彼女は豪快に笑い声を上げ、あえて話題を逸らした。
「ははっ、そりゃ穏やかじゃねえな! よし、次の酒だ!」
酔客たちが再び笑いに戻る中、グレンナの瞳だけが鋭く光っていた。
*
昼下がりの診療所は、かすかな薬草の香りに包まれていた。
木製の扉を押して入ったエルメラは、白衣を纏う老医師に軽く頭を下げた。
「お手伝いが必要でしたら、私も治癒魔法でお力になれます」
老医師は驚いた表情を見せたが、すぐに柔らかく微笑んだ。
「おや、ありがたい。ちょうど寝かせている患者が多くてね」
エルメラは包帯を替えたり、額に手を当てて熱を確かめたりしながら、さりげなく会話を続けた。
「怪我人が多いですね……村で何か起きたのですか?」
「ふむ……表向きは事故や喧嘩だと聞いているがな。しかし同じような切り傷や打撲が続いていてね」
老医師は小さくため息をついた。
「それに、皆が口をつぐんで話そうとしない。まるで何かを恐れているようだ」
エルメラの胸が騒めいた。
そのとき、彼女が包帯を巻いていた青年患者が、ふと視線を逸らし、震える声で漏らした。
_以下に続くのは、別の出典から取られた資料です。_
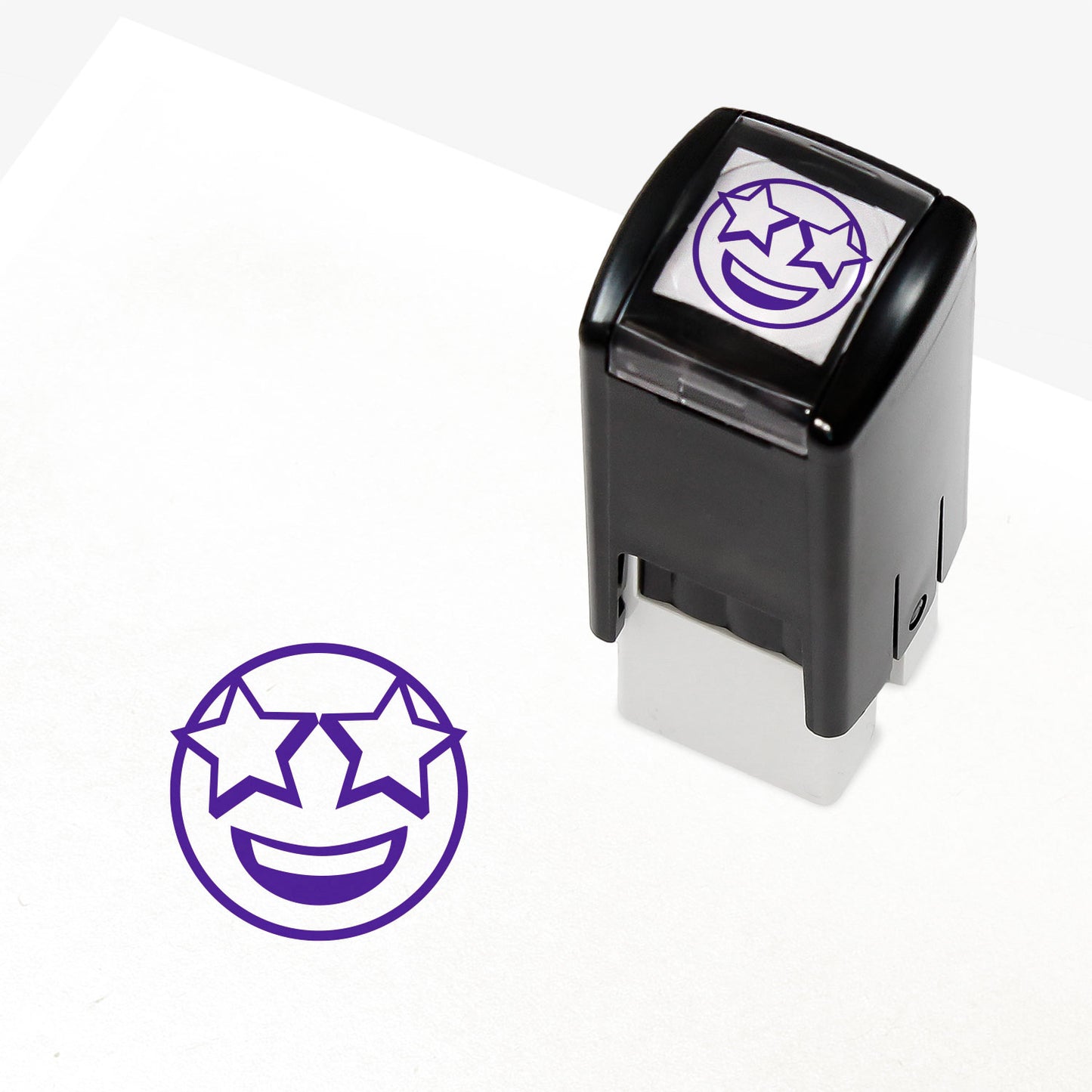 Mini Starry-Eyed Emoji Stamper - Purple - 10mm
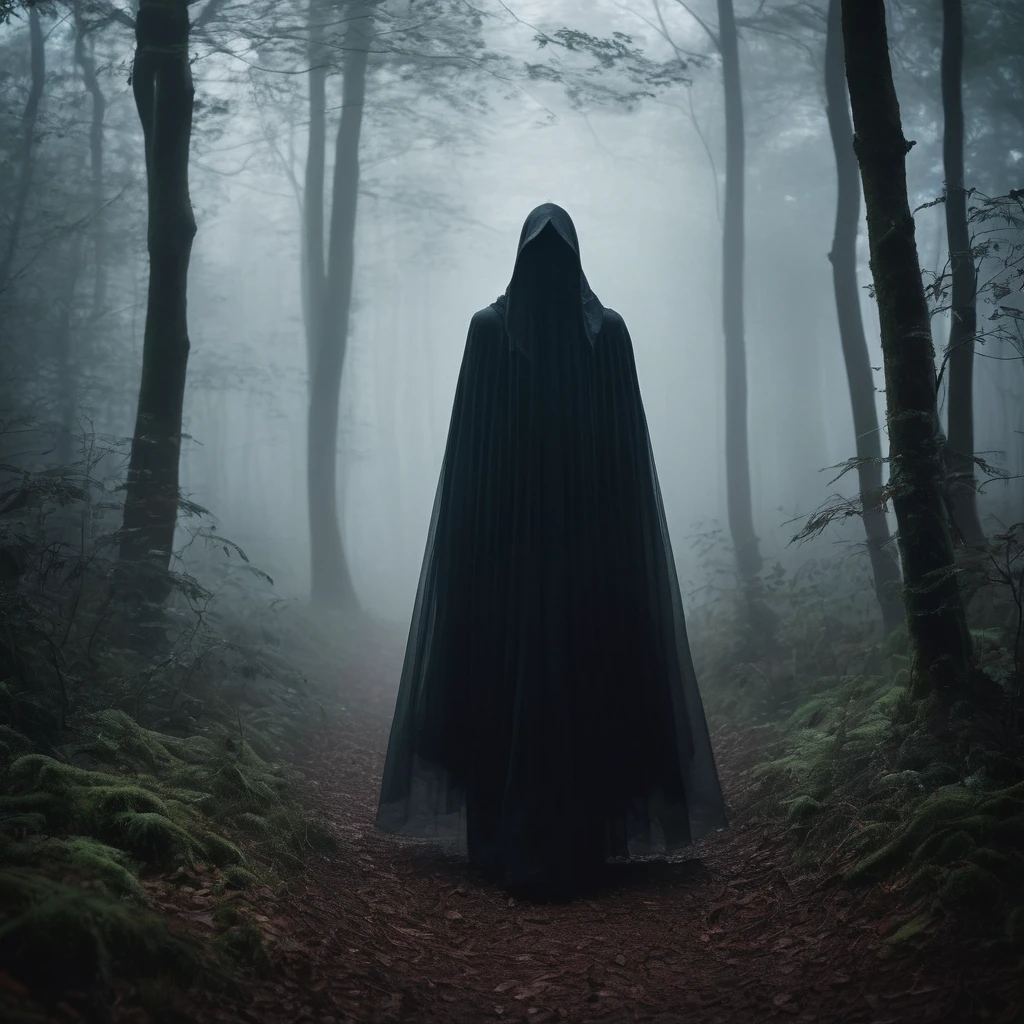Create a mesmerizing image set in a dim, unsettling forest where a heavy mist shrouds the surroundings. The composition should convey a sense of eerie beauty, capturing the viewer's imagination.
For the central character, imagine an ethereal, almost otherworldly presence. This mysterious being should appear semi-transparent, as if materializing from the dense mist. The character should be both captivating and haunting, leaving an air of intrigue.
The dark background should serve as a stark contrast to the translucent figure. It should be rich in shadows and subtle details that evoke a foreboding atmosphere. The mist should hang in the air, creating an almost tangible sense of obscurity.
The main focus of the image is the translucent entity as it glides gracefully through the enigmatic woods. The fog should wrap around the character, emphasizing its spectral nature. The play of light and shadow amidst the mist should create a compelling and unsettling visual experience.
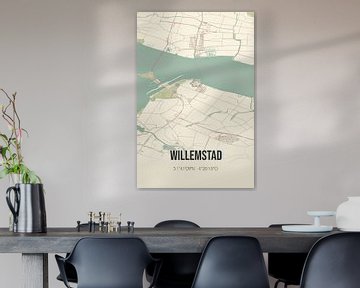 Vintage landkaart van Willemstad (Noord-Brabant) van MijnStadsPoster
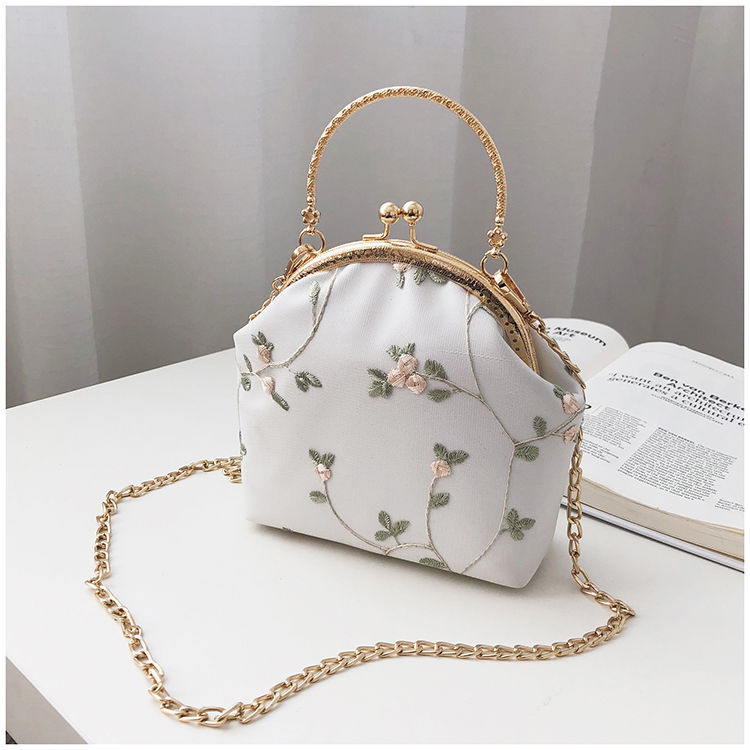 花柄ファッション 刺繍フラワー金具付きがま口チェーンバッグ
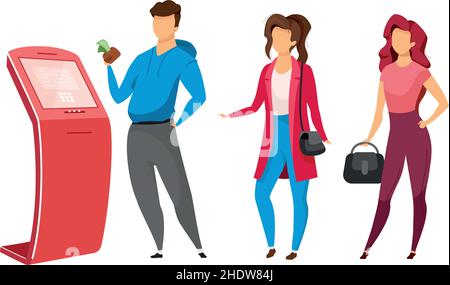 People queue to terminal semi flat color vector characters Stock Vector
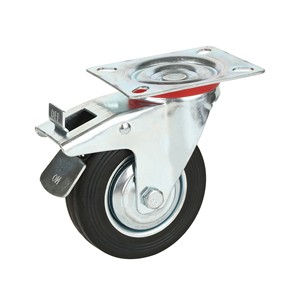 3-Zoll-Hochleistungs-Gummirolle Universal rad mit Brems rollen Industrie wagen behälter rollen - Product Image 2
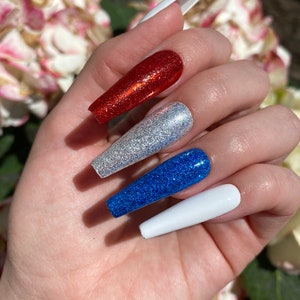 USA Nails / Red White and Blue Press On Nails / Glitter Nails image 6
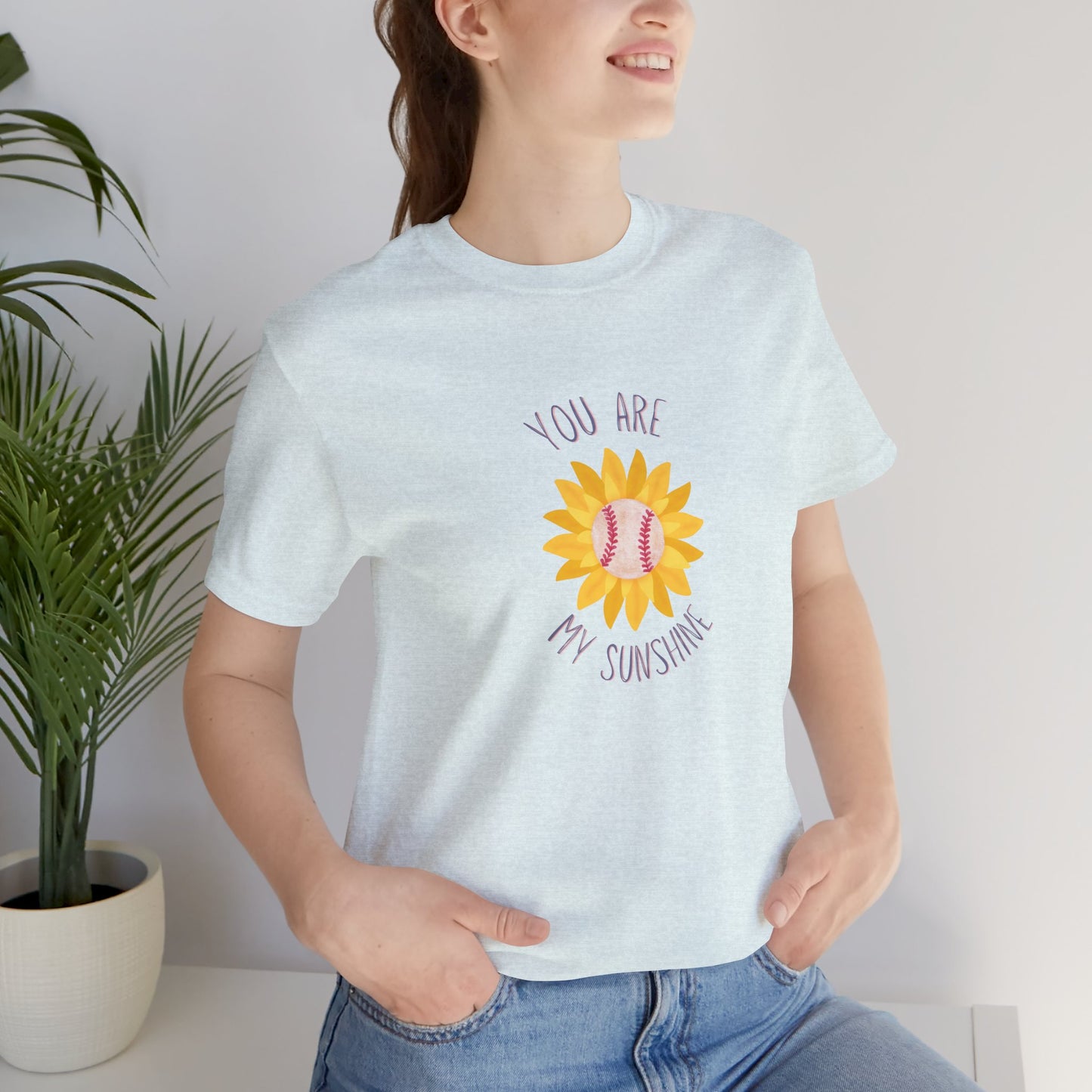 You are my Sunshine Baseball flower Unisex Jersey Short Sleeve Tee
「……反対派の人たちが、いなくなったの……知ってますか?」
エルメラは息を呑んだ。
青年はすぐに唇を噛み、黙り込んでしまう。
だがその一言で十分だった。
「ありがとうございます。……少しでも早く良くなりますように」
彼女は優しく微笑みかけ、傷を癒す光をそっと流し込んだ。
老医師も患者も安堵したように目を細めたが、エルメラの心は重かった。
――これは偶然ではない。村の奥で、何かが確実に動いている。